Mutual funds create taxes for you by the sale and purchase of stocks in their funds even if you do not redeem the mutual fund itself. These are called distributions and can be a surprise if you are not looking for them. Typical distributions seem to average 3% to 7% a year. They usually appear in greater numbers as values of stocks get overpriced and managers sell off.

The taxes caused by distributions, flow through to you, the investor.

However, that in itself is not a bad thing.

A mutual fund professionally manages your assets and the manager themselves buy and sell stocks within the fund as conditions dictate.

So, even if the fund industry says that you should buy and hold, fund managers in reality do sell off losers and overpriced holdings as conditions dictate.

My advice?

Do both.

Sell off a portion of your winners, take some profit and redirect it to new opportunities. You cannot go wrong taking a profit.

Secondly, try to avoid responding to every media driven event in the market. Concentrate on the long view that you and your financial planner have mutually agreed upon.

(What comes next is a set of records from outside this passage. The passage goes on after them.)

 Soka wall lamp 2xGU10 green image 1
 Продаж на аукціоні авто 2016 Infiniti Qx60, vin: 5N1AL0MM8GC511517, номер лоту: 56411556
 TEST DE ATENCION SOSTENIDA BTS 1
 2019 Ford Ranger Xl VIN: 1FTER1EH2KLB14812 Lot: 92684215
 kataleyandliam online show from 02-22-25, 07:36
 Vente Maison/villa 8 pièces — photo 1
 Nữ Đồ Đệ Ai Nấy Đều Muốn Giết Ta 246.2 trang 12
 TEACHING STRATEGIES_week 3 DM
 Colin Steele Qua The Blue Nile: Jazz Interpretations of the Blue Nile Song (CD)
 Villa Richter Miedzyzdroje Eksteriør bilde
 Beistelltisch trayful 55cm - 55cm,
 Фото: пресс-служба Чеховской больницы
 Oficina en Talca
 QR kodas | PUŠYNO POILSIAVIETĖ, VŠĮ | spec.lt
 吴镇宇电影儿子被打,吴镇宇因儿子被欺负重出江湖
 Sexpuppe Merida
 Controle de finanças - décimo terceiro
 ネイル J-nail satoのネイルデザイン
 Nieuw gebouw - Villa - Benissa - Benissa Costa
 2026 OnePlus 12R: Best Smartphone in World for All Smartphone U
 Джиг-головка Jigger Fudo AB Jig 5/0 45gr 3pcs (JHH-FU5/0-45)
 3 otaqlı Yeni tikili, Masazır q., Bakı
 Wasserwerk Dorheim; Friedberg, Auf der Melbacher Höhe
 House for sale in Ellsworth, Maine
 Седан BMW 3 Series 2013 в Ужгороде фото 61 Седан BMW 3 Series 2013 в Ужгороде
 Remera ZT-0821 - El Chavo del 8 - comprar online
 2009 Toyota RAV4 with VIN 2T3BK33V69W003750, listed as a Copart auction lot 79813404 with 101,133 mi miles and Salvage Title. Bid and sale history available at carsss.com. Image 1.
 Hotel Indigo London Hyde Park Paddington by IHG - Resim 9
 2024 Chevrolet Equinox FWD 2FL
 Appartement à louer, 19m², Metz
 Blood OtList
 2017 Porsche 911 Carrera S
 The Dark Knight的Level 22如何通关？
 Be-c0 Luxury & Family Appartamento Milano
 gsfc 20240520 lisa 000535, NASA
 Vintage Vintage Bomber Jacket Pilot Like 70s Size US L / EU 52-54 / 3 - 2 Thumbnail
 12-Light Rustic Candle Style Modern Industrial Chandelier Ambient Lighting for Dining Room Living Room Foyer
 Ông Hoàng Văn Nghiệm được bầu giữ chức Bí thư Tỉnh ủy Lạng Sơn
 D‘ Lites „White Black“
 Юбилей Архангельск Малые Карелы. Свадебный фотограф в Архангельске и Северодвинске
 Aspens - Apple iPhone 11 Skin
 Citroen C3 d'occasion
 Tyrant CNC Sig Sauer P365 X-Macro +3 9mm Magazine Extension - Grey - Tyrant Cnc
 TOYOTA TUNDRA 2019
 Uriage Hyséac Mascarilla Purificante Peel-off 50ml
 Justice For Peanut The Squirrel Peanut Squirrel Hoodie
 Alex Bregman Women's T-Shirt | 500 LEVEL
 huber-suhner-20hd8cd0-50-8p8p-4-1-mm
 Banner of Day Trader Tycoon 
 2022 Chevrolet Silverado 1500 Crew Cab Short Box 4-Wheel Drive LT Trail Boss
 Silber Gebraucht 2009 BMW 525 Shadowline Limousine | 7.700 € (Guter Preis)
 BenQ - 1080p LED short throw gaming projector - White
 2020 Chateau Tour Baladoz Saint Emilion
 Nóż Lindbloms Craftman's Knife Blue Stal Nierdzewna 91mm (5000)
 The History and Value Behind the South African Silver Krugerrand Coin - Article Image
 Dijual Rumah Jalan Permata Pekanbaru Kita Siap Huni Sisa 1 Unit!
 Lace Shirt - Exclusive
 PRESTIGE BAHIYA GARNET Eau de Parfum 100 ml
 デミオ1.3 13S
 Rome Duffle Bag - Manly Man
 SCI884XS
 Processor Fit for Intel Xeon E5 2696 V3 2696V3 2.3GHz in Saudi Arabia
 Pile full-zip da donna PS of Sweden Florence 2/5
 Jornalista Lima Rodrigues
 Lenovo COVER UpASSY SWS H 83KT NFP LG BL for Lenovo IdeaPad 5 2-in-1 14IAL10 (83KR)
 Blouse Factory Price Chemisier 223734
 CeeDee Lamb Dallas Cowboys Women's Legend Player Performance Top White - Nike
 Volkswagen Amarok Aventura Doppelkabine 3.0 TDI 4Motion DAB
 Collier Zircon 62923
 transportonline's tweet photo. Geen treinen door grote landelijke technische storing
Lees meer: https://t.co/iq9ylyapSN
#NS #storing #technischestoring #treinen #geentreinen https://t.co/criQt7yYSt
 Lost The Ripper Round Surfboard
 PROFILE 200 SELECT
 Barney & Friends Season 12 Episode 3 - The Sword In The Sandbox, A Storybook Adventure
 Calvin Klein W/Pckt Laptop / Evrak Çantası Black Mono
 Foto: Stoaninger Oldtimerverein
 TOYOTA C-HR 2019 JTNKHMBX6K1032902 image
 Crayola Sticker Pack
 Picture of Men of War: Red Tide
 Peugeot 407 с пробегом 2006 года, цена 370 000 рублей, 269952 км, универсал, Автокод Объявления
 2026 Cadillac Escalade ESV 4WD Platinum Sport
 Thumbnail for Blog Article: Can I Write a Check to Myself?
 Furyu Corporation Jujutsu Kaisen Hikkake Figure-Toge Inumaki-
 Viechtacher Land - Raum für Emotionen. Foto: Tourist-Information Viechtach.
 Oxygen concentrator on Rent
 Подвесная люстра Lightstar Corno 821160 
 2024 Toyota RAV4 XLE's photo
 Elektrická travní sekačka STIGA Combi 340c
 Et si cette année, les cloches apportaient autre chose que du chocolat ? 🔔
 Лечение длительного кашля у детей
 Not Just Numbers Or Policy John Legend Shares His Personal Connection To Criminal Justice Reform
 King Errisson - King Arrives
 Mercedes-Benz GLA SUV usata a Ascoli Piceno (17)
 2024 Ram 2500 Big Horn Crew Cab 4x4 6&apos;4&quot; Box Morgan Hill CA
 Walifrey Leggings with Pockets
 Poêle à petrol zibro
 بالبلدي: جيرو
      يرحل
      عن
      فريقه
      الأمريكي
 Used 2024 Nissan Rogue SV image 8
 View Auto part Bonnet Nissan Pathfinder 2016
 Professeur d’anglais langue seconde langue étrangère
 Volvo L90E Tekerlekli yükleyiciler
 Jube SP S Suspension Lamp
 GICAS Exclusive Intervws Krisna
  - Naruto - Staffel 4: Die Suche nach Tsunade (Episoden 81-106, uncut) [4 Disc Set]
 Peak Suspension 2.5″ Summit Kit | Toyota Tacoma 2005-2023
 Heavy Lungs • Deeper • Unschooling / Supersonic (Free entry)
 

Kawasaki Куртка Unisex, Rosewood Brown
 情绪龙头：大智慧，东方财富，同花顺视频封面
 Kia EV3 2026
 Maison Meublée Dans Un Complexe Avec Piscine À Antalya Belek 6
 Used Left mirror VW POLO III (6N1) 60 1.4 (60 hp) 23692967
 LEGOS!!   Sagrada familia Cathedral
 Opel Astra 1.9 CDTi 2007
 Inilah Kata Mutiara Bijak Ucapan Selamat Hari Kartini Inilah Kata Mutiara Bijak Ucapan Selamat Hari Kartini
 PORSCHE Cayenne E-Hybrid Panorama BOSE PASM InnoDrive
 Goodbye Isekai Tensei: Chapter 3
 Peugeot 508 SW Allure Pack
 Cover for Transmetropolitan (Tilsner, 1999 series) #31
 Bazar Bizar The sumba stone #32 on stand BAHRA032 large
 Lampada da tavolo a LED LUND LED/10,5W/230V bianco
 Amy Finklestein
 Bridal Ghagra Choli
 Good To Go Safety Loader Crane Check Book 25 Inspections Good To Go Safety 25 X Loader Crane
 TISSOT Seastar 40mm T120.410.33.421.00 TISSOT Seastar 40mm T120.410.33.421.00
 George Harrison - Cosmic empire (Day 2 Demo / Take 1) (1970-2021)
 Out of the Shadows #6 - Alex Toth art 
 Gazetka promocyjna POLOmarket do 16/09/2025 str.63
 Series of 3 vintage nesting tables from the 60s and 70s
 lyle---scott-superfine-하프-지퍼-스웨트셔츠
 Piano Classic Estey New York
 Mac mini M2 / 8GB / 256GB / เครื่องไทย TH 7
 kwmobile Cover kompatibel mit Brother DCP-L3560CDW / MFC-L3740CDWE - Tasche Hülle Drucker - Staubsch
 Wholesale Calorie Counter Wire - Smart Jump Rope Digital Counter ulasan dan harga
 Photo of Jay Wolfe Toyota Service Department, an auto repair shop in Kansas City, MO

Use the example of a decorative landscape hedge on your property. The longer the hedge is in place, the stronger and better it gets. To encourage proper growth you need to cut back on the spindly and excessive growth portions to build up stronger branches and roots.

That is your portfolio.

Occasionally it will grow excessively and unsustainably, into certain areas. Failure to trim back will lead to dead branches.

Proper trimming will encourage stronger support arms.

Be a good financial gardener. You will get better flowers.